Balfour's motive is clear enough. He wanted to discredit the ‘small but obstinate minority who…persistently advocate the break-up of the Empire’.
126
Free association would pull the rug out from beneath the secessionists. Austen Chamberlain, the Foreign Secretary, may have hoped that he would gain his reward in the dominions’ diplomatic sympathy: indeed, in the defence discussions that followed, all except the Irish Free State said that they would come to Britain's aid if ever necessary.
127
Balfour, Chamberlain and Lord Birkenhead (the Secretary of State for India) bundled Amery, the Dominions Secretary, along with them. He was a political lightweight. But the three senior ministers may have had another reason for wanting an amicable settlement. All three, especially Birkenhead and Chamberlain, had been deeply involved in the Anglo-Irish treaty of December 1921. They had the strongest motive for avoiding confrontation with the Irish Free State government and rousing ‘die-hardism’ from its slumbers on the Tory backbenches. Nor could they be sure that too little flexibility at the conference might not damage the pro-Treaty government in Dublin and pave a path to power for its republican and secessionist enemies.

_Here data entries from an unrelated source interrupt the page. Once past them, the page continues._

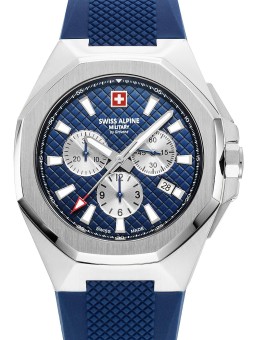 orologio uomo Swiss Alpine Military 7005.9835 Typhoon Chronograph Mens Watch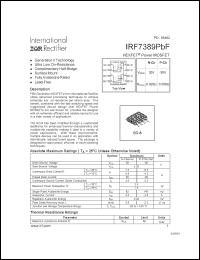 Click here to download IRF7389PBF Datasheet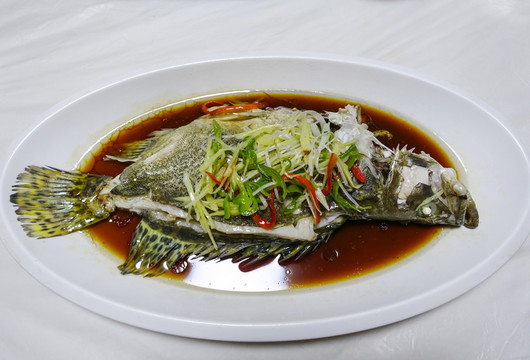 清蒸桂魚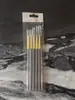 Set de rotuladores de acrílico gris más vendidos transfronterizos, con un rotulador fino y largo para dibujar diseños intrincados, crear patrones florales y aplicar arte en uñas.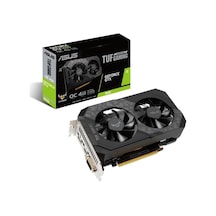 Asus NVIDIA GeForce GTX 1650 TUF Gaming OC TUF-GTX1650-O4GD6-P-GAMING 4 GB GDDR6 128 Bit Ekran Kartı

Indeed, of all the dominions, the Irish Free State was the one that British ministers watched most nervously.
128
Its assimilation to the dominion ‘model’ was more a hope than an expectation. Its ‘Britannic garrison’ after partition was far smaller than South Africa's. For all the practical limits to linguistic independence, its cultural revolt against Englishness was more vehement than anything seen in the other dominions. Alone of the dominions, it had won self-government in a violent insurrection against British rule. Alone among the dominions, its right to self-rule was limited by treaty. In the war of independence (1919–21), Sinn Fein declared an Irish Republic, and its candidates who were successful in the United Kingdom general election of December 1918 (but refused to take their seats at Westminster) met as a separate Irish parliament, the Dail Eireann. After eighteen months of guerrilla warfare, terrorism and reprisal had produced a stalemate truce in July 1921, and a treaty settlement was hammered out in London between the Lloyd George government and a Sinn Fein delegation. It gave the twenty-six counties of southern Ireland ‘Canadian’ status as a self-governing dominion, but rejected the demand for an Irish republic outside the Empire and insisted on an oath of allegiance to the King by those taking office or sitting in the Dail. The possibility of a united Ireland – if Northern Ireland agreed – or of repartition on terms more generous to the South was held open. By a narrow majority, the Dail upheld the treaty proposals. But the Sinn Fein government split. De Valera, president of the 1919 republic, denounced the oath of allegiance (though he was willing to recognise the King as the head of the Empire). Much of the Irish Republican Army in the south and west rebelled against a civilian regime whose treaty-based constitution was at odds with the claim that the citizen in arms was the true embodiment of the Irish nation – and which threatened to end the free rein that the ‘flying columns’ enjoyed.
129
It took a bloody civil war, with a death-toll heavier than in the Anglo-Irish struggle, to impose the authority of the ‘treatyites’ and the Free State government.